* [Records to process]:
--- START ---

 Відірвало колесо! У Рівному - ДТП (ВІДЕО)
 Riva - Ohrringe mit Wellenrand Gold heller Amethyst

--- END ---
--- START ---

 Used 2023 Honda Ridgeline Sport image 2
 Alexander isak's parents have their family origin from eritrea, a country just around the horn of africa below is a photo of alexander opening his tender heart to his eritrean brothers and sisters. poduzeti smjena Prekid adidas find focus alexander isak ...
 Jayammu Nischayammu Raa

--- END ---

* [What you are asked to do]:
Give back exactly the lines above, from the line containing "Відірвало колесо! У Рівному - ДТП (ВІДЕО)" through the line containing "Riva - Ohrringe", with both end lines and nothing more.

* [Answer to this problem]:
 Відірвало колесо! У Рівному - ДТП (ВІДЕО)
 Riva - Ohrringe mit Wellenrand Gold heller Amethyst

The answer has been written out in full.